According to Orszag, current situation in the US Congress evolved a few decades ago, since back in the 1960-s the situation was quite different, and decision making process did not require so much efforts applied. Nowadays things changed dramatically, as we are facing the so-called polarization, which leads to the inconveniences of the regular citizens in the first place. Current issues, e.g. dealing with the recovery from the financial crisis, solving the issue of the global warming or the legislative gaps of the current constitution, cannot be efficiently resolved, as there is no unanimity within the congressmen. We choose them on the democratic basis, but later on, they might simply ignore or find the way around the democracy people are looking up to. There is no responsibility for the actions made by the congressmen, bills signed and passed on, as well as there is absolutely no punishment for the inactivity, filibustering, withholding from taking active part in the constitutional process of the USA. Democracy is thus entering a stage of idleness, as the lack of agreement in the higher echelons of US legislative officials actually puts the entire legislature on hold, by the time consensus can be reached.
We may spread the idea and find the supporters of the "shortage of the democracy". However, there is one issue that cannot be ignored: congressmen are the ones in charge of any changes in the country's legislative system. Since they cannot come to agreement on some simpler issues, it is hardly plausible they will easily apply changes to the current legislation, cutting their own rights or changing the basic principles of how the legislature works. On the other hands, nationwide people's dissatisfaction with the way current Congress works may force the congressmen to make necessary amendments and bring certain changes to the election system in the US. This will lead to the following; enforcing the majoritarian system for the elections will open the new horizons for the same politicians. They will keep their current authority, they will have the same kind of benefits and perks, but they will be restricted by one factor. The fact they were chosen by certain people, majority of whom supported the candidate in his electoral district, makes the congressman think twice before skipping the Congress sessions, failing to find consensus with others etc.
I believe Orszag's point regarding finding the way around the politicians is not properly grounded and cannot be implemented in the current state of economy, greatly depending on the government and recovering from the recession.
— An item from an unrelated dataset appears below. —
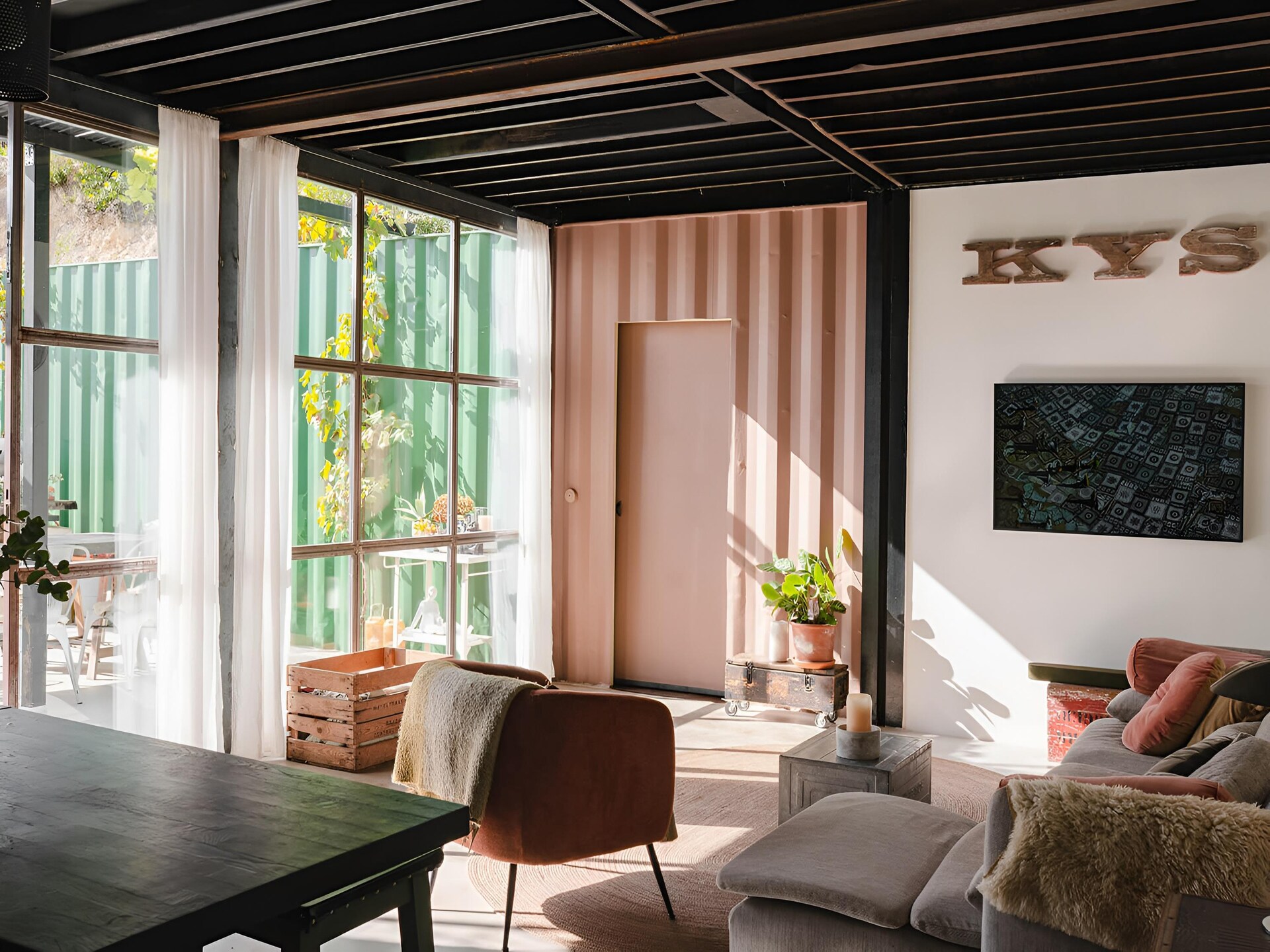 Unieke design containerwoning met zwembad en zeezicht bij Sitges - foto 9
Playing with fiscal policy will not do any good unless supported by the elite. Comparing The US and the EU, one common factor shows up - all the important decisions are made in the top echelons of elite, and they hardly find it necessary to be discussed with anybody else. Once again it proves we should not be worried about the democracy and decreasing of it, but the issue to be concentrated on is implying the accountability of the politicians. The ones who chose to see the politicians in Congress should be dictating what is right and what is wrong. Congressmen should think of what can be done to improve the lives of the people by simply finding a consensus during the voting for an important bill. Although majoritarian system will not allow direct responsibility to be applied for the congressmen, it will make them aware that there are people around the country who gave their votes for them and thus wish to be rewarded with improvements of life standards and responsible approach to their duties on behalf of the congressmen.